CHRISTOPHER BRYAN STEWART,

Plaintiff, CIVIL ACTION NO.: 5:18-cv-37

v.

EDWINA JOHNSON, et al.,

Defendants.

O RDE R This matter is before the Court on Plaintiff’s Motion to Exclude an Opinion of Defendants’ Expert Witness Dr. Jiong Yan, doc. 80, and Defendants’ Motion to Exclude in Part Expert Witness Testimony, doc. 81. The parties have fully briefed the issues. Docs. 83, 84, 86, 88. For the following reasons, the Court GRANTS Plaintiff’s Motion to Exclude an Opinion of Defendants’ Expert Witness Dr. Jiong Yan. Doc. 80. Defendants are prohibited from having Dr. Jiong Yan testify at trial. Additionally, the Court GRANTS as unopposed in part and DENIES in part Defendants’ Motion to Exclude in Part Expert Witness Testimony. Doc. 81. Plaintiff’s experts, Dr. Diego Espinosa and Dr. Dilip Thomas, may testify generally on their treatment of Plaintiff and opinions formed during the course of treatment. Dr. Espinosa is expressly permitted to testify that a choroidal rupture is generally caused by trauma, and Dr. Espinosa may testify about his continued monitoring of Plaintiff’s condition and the likelihood for further deterioration. However, Dr. Espinosa and Dr. Thomas are both prohibited from testifying about Plaintiff’s alleged Post Traumatic Stress Disorder (“PTSD”) and mental health issues. Both doctors are also prohibited from testifying about the date on which Plaintiff’s injury occurred and whether (or which) assault caused Plaintiff’s injury. Additionally, Dr. Thomas is prohibited from testifying Plaintiff’s condition will worsen or deteriorate further. BACKGROUND Plaintiff brings this action under 42 U.S.C. § 1983 and the Eighth and Fourteenth

Amendments, alleging Defendants failed to protect him from two assaults by other inmates in April 2016. At the relevant time, Plaintiff was an inmate at Ware State Prison (“WSP”) and in the custody of the Georgia Department of Corrections (“GDC”), and Defendants were employees of GDC working at WSP. Plaintiff’s claims involve him being attacked by other inmates on two different occasions. Plaintiff was first assaulted at WSP on April 20, 2016. As a result of that assault, Plaintiff contends he suffered a right eye injury, resulting in lost central vision. Plaintiff was assaulted again, five days later, on April 25, 2016, while he was asleep. Plaintiff alleges he sustained a serious head injury in the second assault and was taken to the hospital for treatment. As a result of these attacks, Plaintiff asserts he experienced psychological effects and suffered eye injuries.
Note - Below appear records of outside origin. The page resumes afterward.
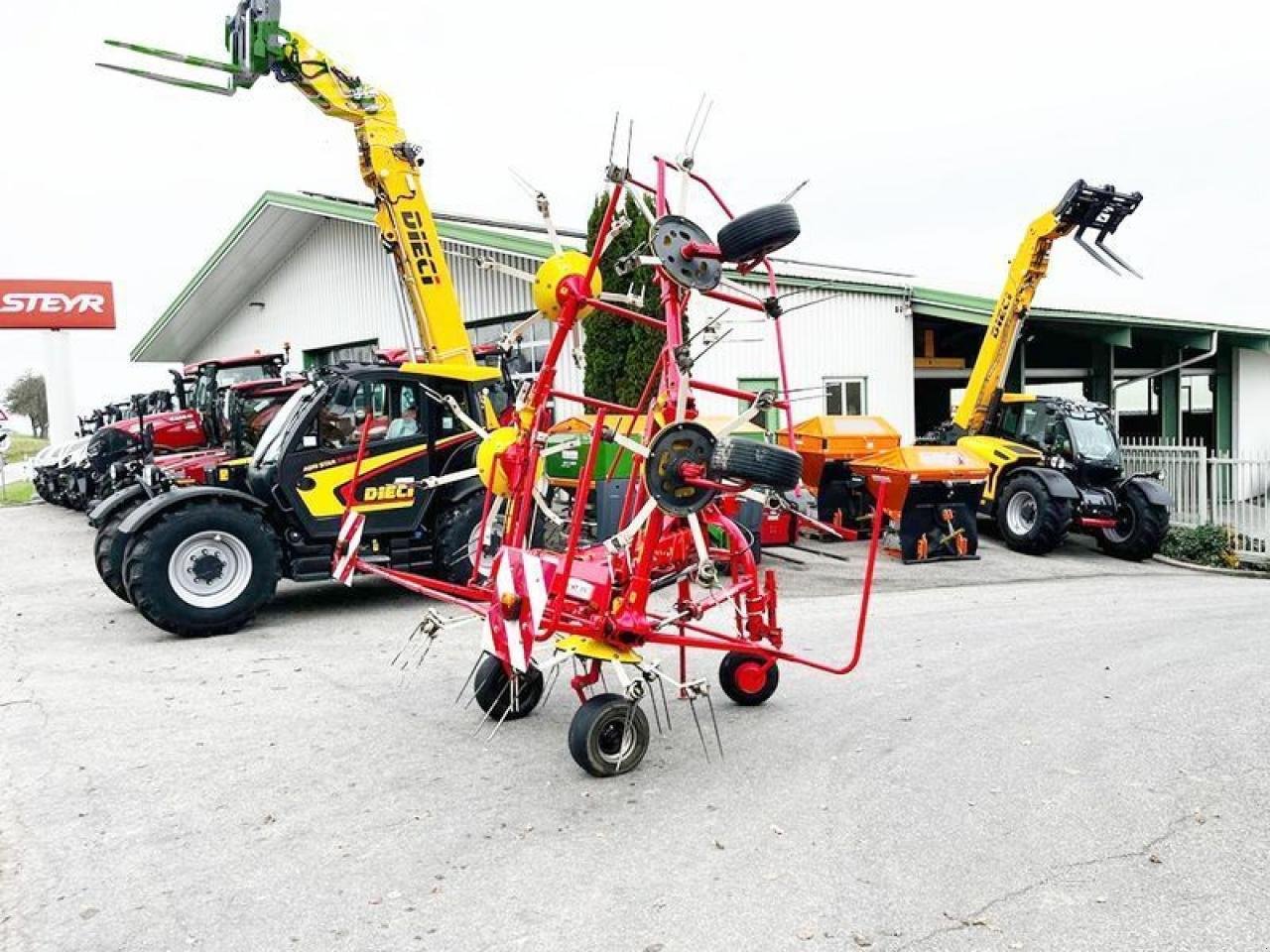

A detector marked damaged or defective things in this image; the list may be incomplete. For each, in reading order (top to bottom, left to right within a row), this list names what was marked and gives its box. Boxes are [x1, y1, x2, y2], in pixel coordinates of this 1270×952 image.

cracked asphalt [2, 502, 1270, 949]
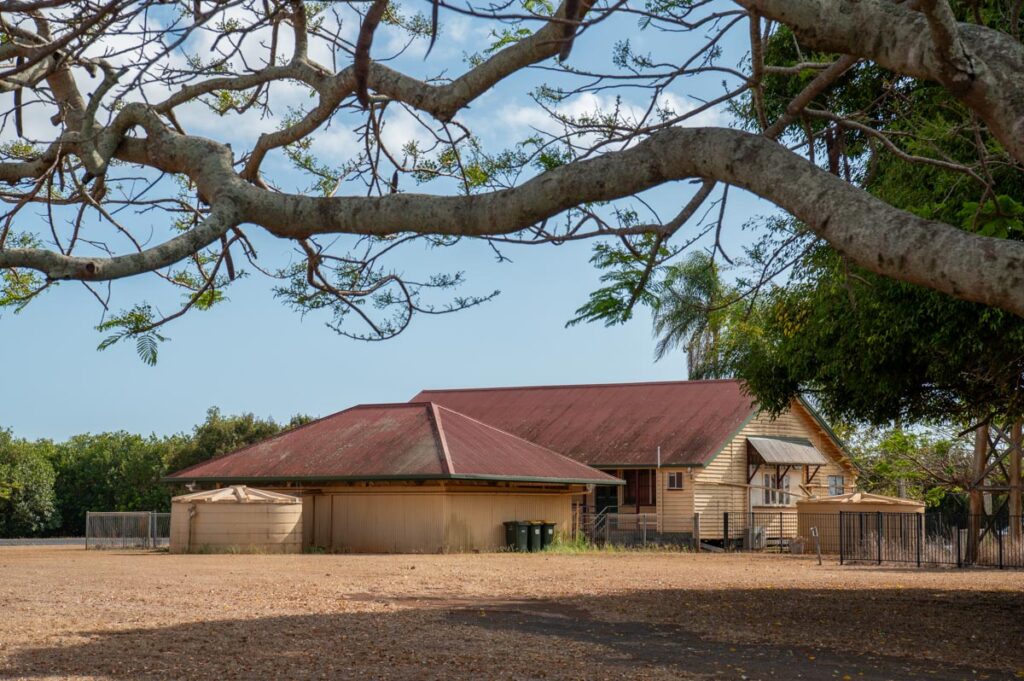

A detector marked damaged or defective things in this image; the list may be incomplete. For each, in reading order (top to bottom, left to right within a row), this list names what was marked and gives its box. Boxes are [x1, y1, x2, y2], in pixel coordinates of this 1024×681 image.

red rusty metal roof [163, 401, 618, 485]
red rusty metal roof [411, 376, 757, 466]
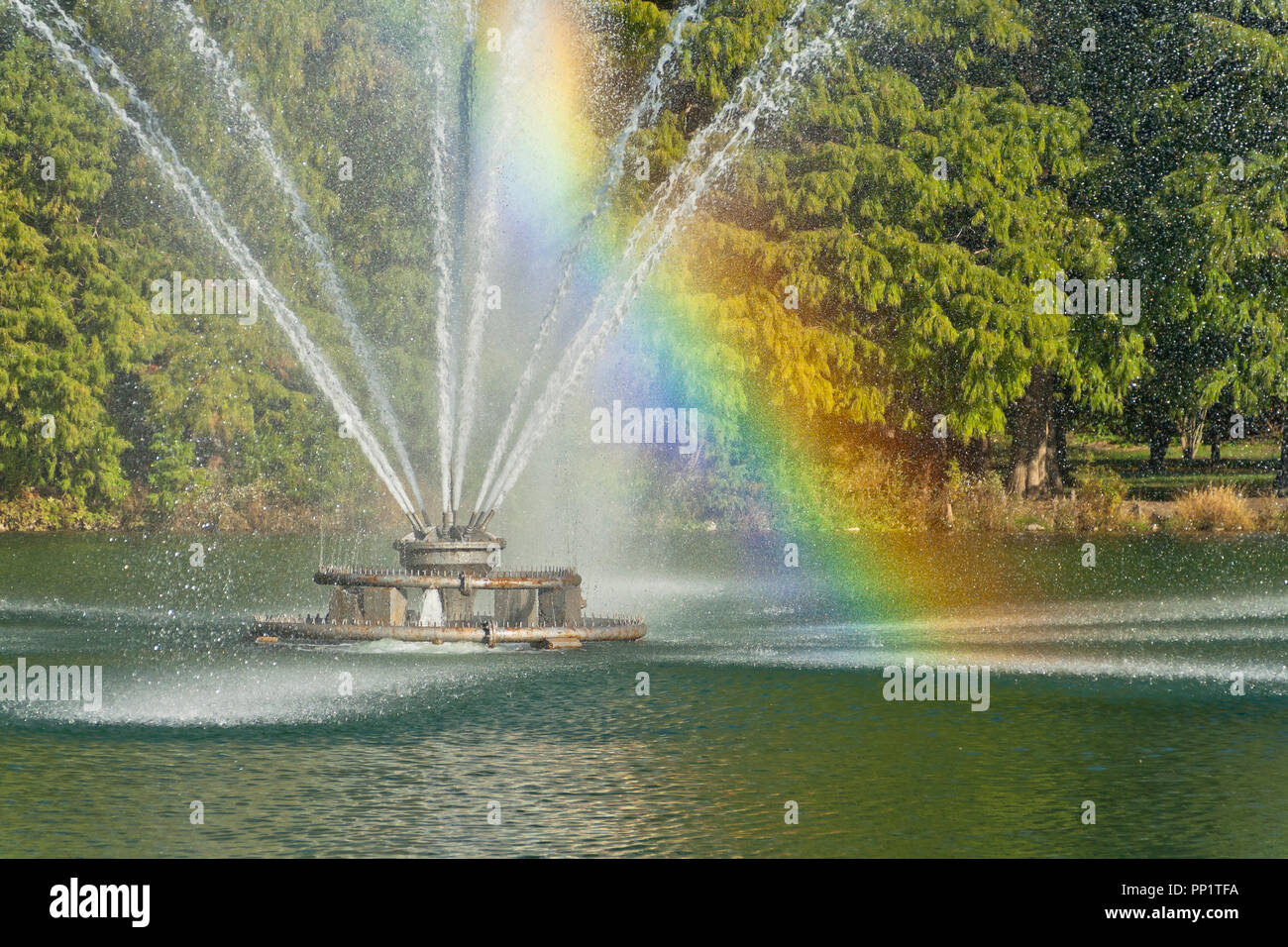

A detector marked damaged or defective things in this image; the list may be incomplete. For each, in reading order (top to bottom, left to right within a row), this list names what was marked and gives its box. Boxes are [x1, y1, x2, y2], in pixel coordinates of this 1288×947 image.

rusty fountain structure [252, 515, 646, 646]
Plaintiff has identified his treating physicians—Dr. Diego Espinosa and Dr. Dilip A. Thomas—as experts to testify on his eye injuries at trial. Doc. 80 at 2; Doc. 81-1 at 1. Defendants retained their own expert, Dr. Jiong Yan, to provide testimony on Plaintiff’s eye injuries. Plaintiff argues Dr. Yan’s opinions are unreliable under Daubert and should be excluded. Doc. 80. Similarly, Defendants challenge Plaintiff’s experts, arguing they should not be permitted to testify on Plaintiff’s claimed PTSD, the cause of Plaintiff’s eye injuries, or the potential or likelihood for future deterioration of Plaintiff’s eye condition. Doc. 81-1. DISCUSSION I. Plaintiff’s Challenge to Defendants’ Expert Dr. Yan Plaintiff brings a challenge to the opinions of Defendants’ expert, Dr. Yan. Doc. 80. Defendants filed a Response, and Plaintiff filed a Reply. Docs. 83, 88. Dr. Yan was retained by

Defendants for purposes of this litigation, and she provided Defendants with an opinion on Plaintiff’s eye injuries. Doc. 83 at 2. Dr. Yan is a practicing ophthalmologist with a focus on vitreo-retinal diseases and surgery. Id. Dr. Yan formed her opinions by reviewing Plaintiff’s medical records but has not treated or examined Plaintiff. Id. at 3. Dr. Yan, in her report, offers two opinions. Dr. Yan opines Plaintiff’s eye injury was not the result of the first assault on April 20, 2016, and instead, resulted from the second assault, on April 25, 2016. Id. at 2 (citing Doc. 83-1). Dr. Yan also opines Plaintiff’s vision loss is unlikely to progress beyond 20/70, as “the injury is self-limiting . . . and unlikely to progress beyond 6 months of the recovery period.” Id. at 3–4. Plaintiff argues these opinions should be excluded, as the opinions are unreliable, nothing more than ipse dixit, and unhelpful to the trier of fact.

Plaintiff highlights Dr. Yan’s ultimate opinion is also inconsistent with the evidence in the case, as Plaintiff’s vision loss did, in fact, progress to 20/200. Id. at 7. Defendants oppose Plaintiff’s Motion. Doc. 83. Defendants argue Dr. Yan’s report and the opinions contained therein are sufficiently reliable under the Federal Rules of Evidence and Daubert.1 Doc. 83 at 3. Specifically, Defendants argue Dr. Yan’s report is based on her experience and that experience was reliably applied because the opinions are supported by the factual evidence in the record. Id. at 4.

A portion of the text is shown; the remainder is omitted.